Migranten zeggen dat ze worden misbruikt aan beide zijden van de grens met Wit-Rusland

SULIMANYA, Irak – Voordat de Wit-Russische politie Hajar, 37, deze week over de grens naar Litouwen duwde, sloegen ze hem op zijn hoofd, zei hij. Maar dit was nog maar het begin van zijn beproeving.

Aan Litouwse kant riep de politie een groep commando’s bij elkaar die hem en zijn vrienden naar eigen zeggen meenamen en begonnen te slaan met stokken en plastic draden en ze te schokken met verdovingsgeweren. In een videogesprek vanuit Minsk trok hij zijn shirt naar achteren en vertoonde diepe blauwe plekken op zijn zij en rug.

“Ze zeiden: ‘Je hebt niet het recht om naar ons land te komen'”, zei hij in het Koerdisch via een tolk. Ze vertelden me: je maakt ons land vuil.

Hajar, een Iraakse Koerd die wanhopig probeert de Europese Unie binnen te komen, verzocht om publicatie van zijn achternaam uit angst voor repercussies van de Wit-Russische en Litouwse autoriteiten.

Hij zei dat de commando’s, in het zwart gekleed en met maskers, de telefoons van de migranten namen en waarschuwden dat ze video’s hadden gemaakt van de Koerden, die veel erger zouden worden geslagen als ze zouden terugkeren.

Hajar strompelde mank de grens over en keerde terug naar Minsk om zijn wonden te behandelen in een budgethotel.
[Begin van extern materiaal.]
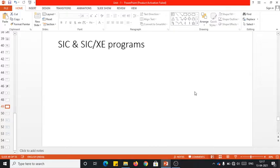Hello everyone, this is Navinder Koda, welcoming you all for the session on sample programs on SIC and SIC/XE.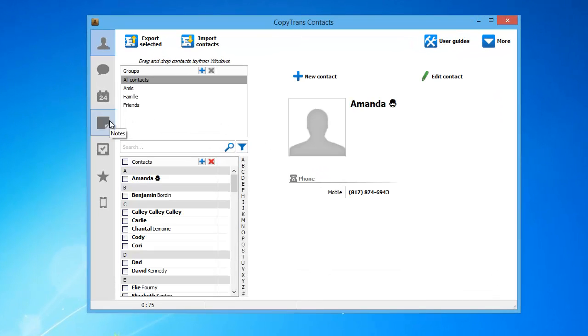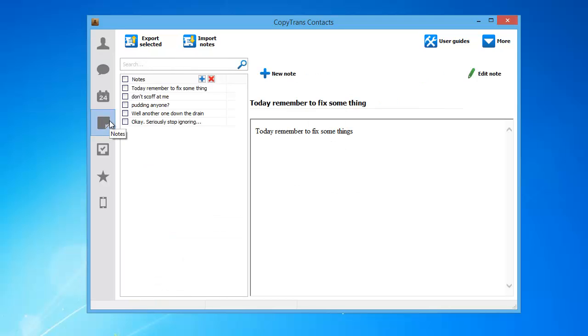Click the Notes icon from the left-hand side panel. The iPhone's notes will be listed from the main program window.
Hij zei dat hij de migranten $ 100 per nacht in rekening bracht omdat ze hun verlopen visa niet aan de autoriteiten hadden gemeld.

Twee dagen later, zei hij, dwong de Wit-Russische politie hen opnieuw om naar de grens te gaan, maar hij was te bang om over te steken.

Hajar, die zei dat hij 6.000 dollar had uitgegeven om naar Turkije en vervolgens Wit-Rusland te gaan, zei dat hij op de vlucht was voor een stammenconflict in Irak dat zijn leven in gevaar bracht. Als alleenstaande vader hoopt hij Groot-Brittannië te bereiken om geld te verdienen voor zijn 14-jarige zoon en zieke moeder.

Hij zei dat hij van plan is om opnieuw te proberen de grens over te steken.

“Ik wil gewoon oversteken, zelfs als ik mijn leven verlies”, zei hij.

In de stad Sulaymaniyah, in de Koerdische regio van Irak, zei journalist Repin Sirwan dat hij ook naar Wit-Rusland was gegaan, waar Wit-Russische politieagenten hem tijdens hun deportatie vorige week tegen het lijf liepen en sloegen.

“Op de trappen van het vliegtuig sloegen ze me en namen mijn telefoon af omdat ik liveverslagen aan het maken was”, zei hij.

Sirwan, 29, zei dat hij bedreigingen heeft ontvangen over zijn werk in Koerdistan en van plan is asiel aan te vragen in Wit-Rusland. Maar in plaats van zijn bewering te horen, hebben de Wit-Russische autoriteiten hem op een vliegtuig gezet, niet naar Irak, maar naar Syrië. Hij zei dat de politie hem vier dagen vasthield in Syrië voordat hij hem toestond terug te keren naar Irak.

“Wit-Rusland, Polen en Litouwen spelen met mensen”, zei hij. “Ze bewegen ze omhoog, omlaag, naar links en naar rechts. Ze doen hen pijn, ze slaan ze, ze stelen hun telefoons, ze nemen hun geld.”

Sinjar Khalil en Barzan Jabbar hebben bijgedragen aan dit rapport.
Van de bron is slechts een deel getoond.